This year we have seen a high profile European court case and new guidance from the Article 29 Working Party (the data protection advisory body made up of representatives from the data protection authorities in each EU Member State) (“29 WP”) confirming the legal position and providing guidance on monitoring employees at work.
What is the legal position?
Monitoring of employees at work involves the processing of personal data and, as such, is regulated by data protection legislation (currently the Data Protection Act, soon to be replaced by the General Data Protection Regulation/the Data Protection Bill). The legislation is overseen by the Information Commissioner’s Office (the “ICO”) who has produced the Employment Practices Code (the “ICO Code”), providing guidance in this area to assist employers navigating the legal requirements.
ICO Code
The ICO Code emphasises that an employee’s private life extends to the workplace and employees have an expectation of privacy at work even when they have been informed that workplace monitoring may take place. This does not prevent employers from monitoring employees in the workplace, but careful consideration needs to be taken prior to any monitoring taking place.

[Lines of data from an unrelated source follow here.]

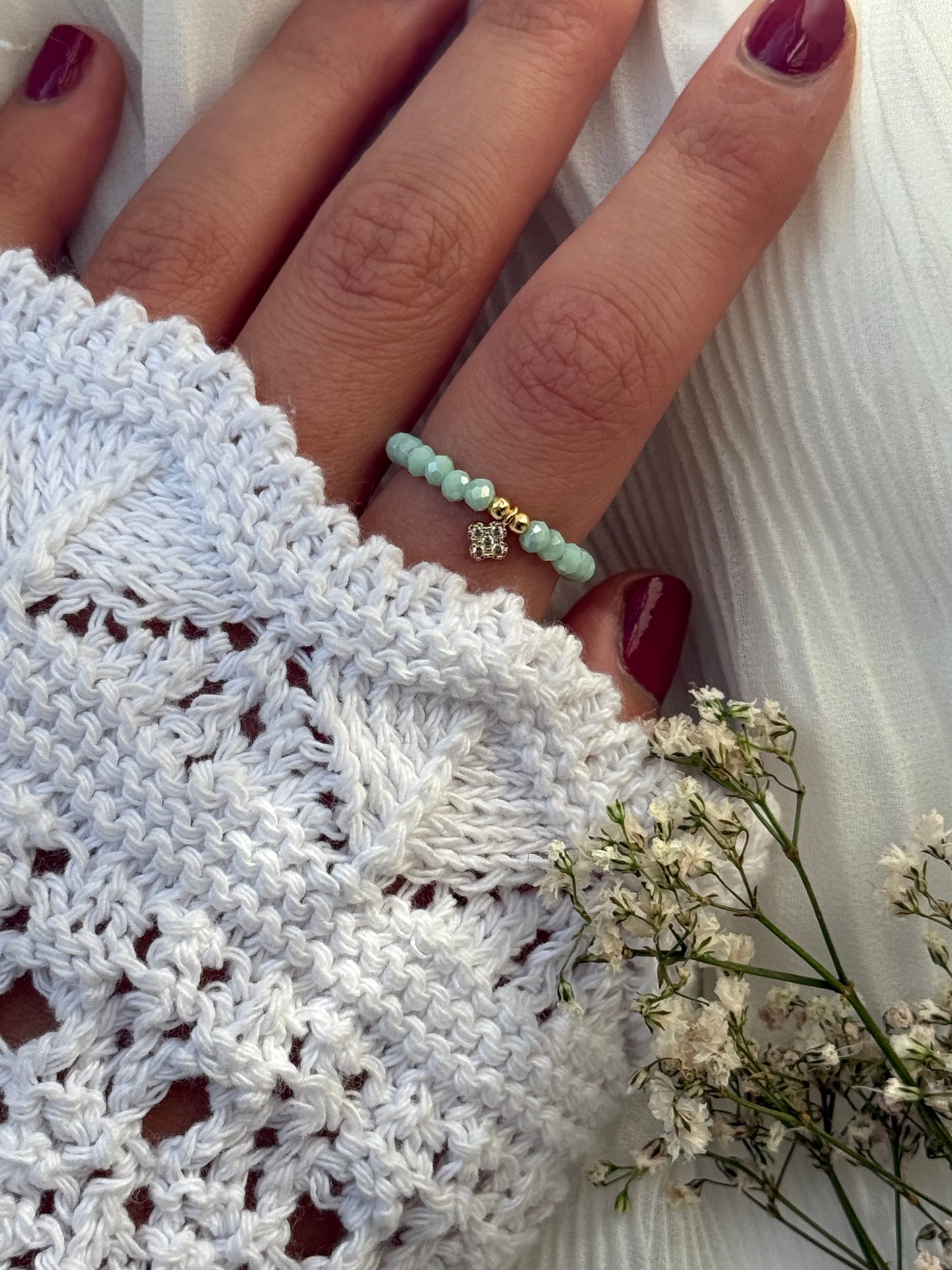 Perlenring mit Grünen Kristallperlen, Goldenen Details + Kleeblatt Anhänger - 11000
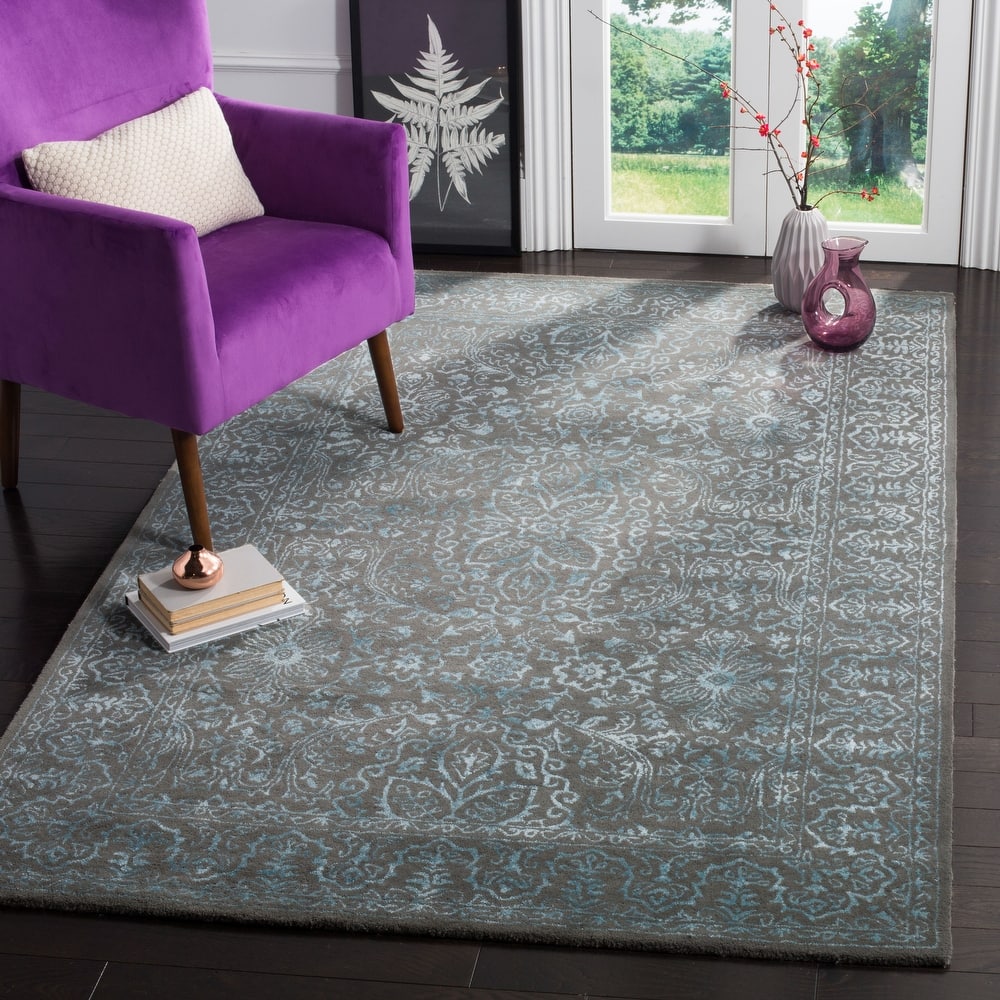 SAFAVIEH Handmade Glamour Dolors Modern Viscose Rug
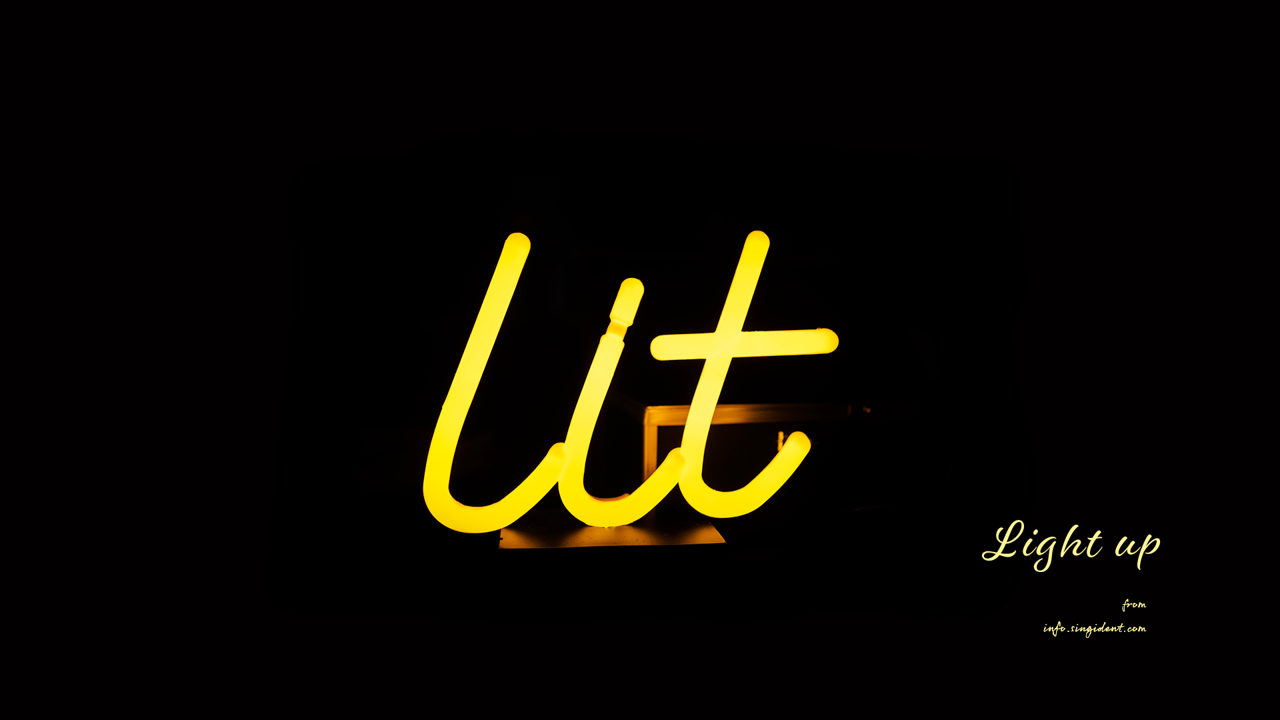 12 노란색 네온 글씨 C - Light up 검정배경화면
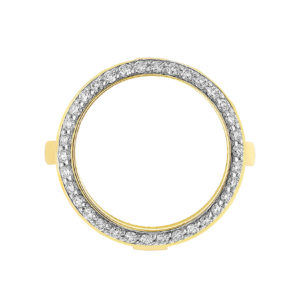 Une bague médaillon en or jaune de forme ronde sertie diamants avec un verre saphir transparent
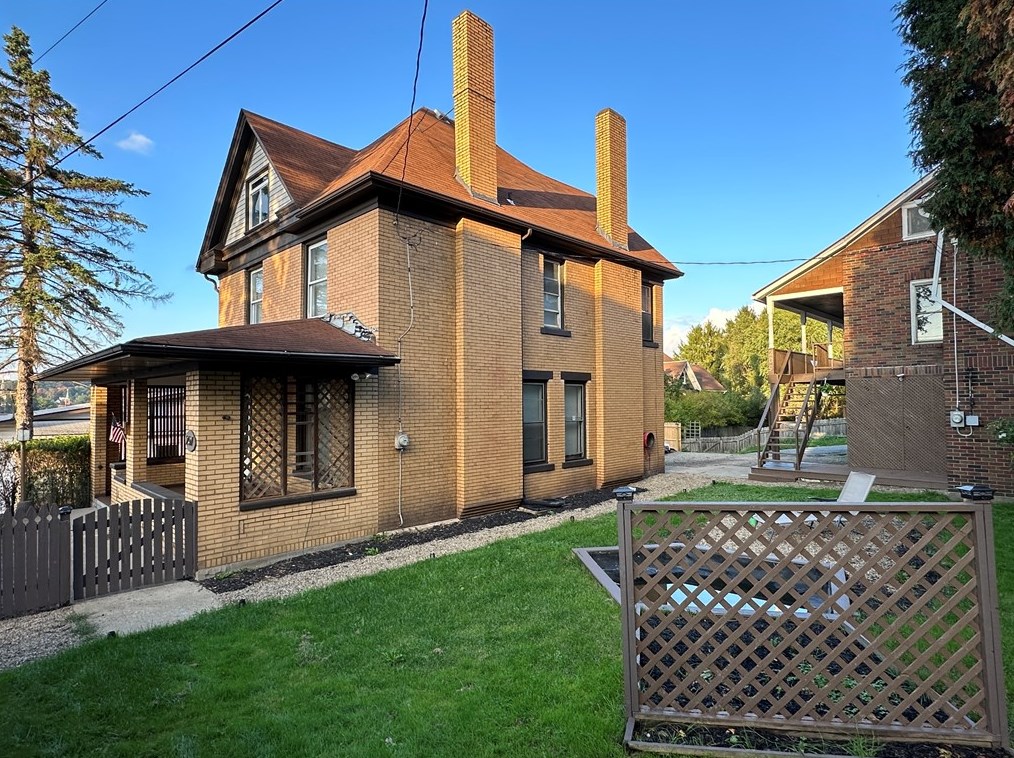 207 Freemont Ave, Butler, PA 16001-6431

Employers should, as a minimum, undertake the following steps prior to conducting monitoring:
- Undertake a data protection impact assessment (“DPIA”).
- This does not need to be formal or complicated, but should identify the purpose of the monitoring, the adverse impact on employees, whether there are less intrusive means of achieving the aim and whether the monitoring is justified.
- Consider and document the legal grounds for processing personal data in the context of monitoring.
- Consent will not likely be valid in employment context, but the employer’s legitimate business interests may be relied on depending on the circumstances.
- Inform employees that monitoring may take place.
- The policy should include the nature and extent of the monitoring and the fact that the content of messages may be accessed.
- Only use information obtained through monitoring for the purpose for which the monitoring was carried out.
- Unless the monitoring leads to the discovery of an activity that an employer could not reasonably be expected to ignore.
- Keep secure any personal data obtained through monitoring and permanently delete it when it is no longer necessary.
- This includes limiting the staff who have access to the data and providing appropriate data protection training.
29 WP Opinion
The 29 WP provided their opinion on data processing at work in June. This opinion reflects the same themes as the ICO Code but provides up to date guidance considering the latest technological developments that enable more intrusive and pervasive monitoring.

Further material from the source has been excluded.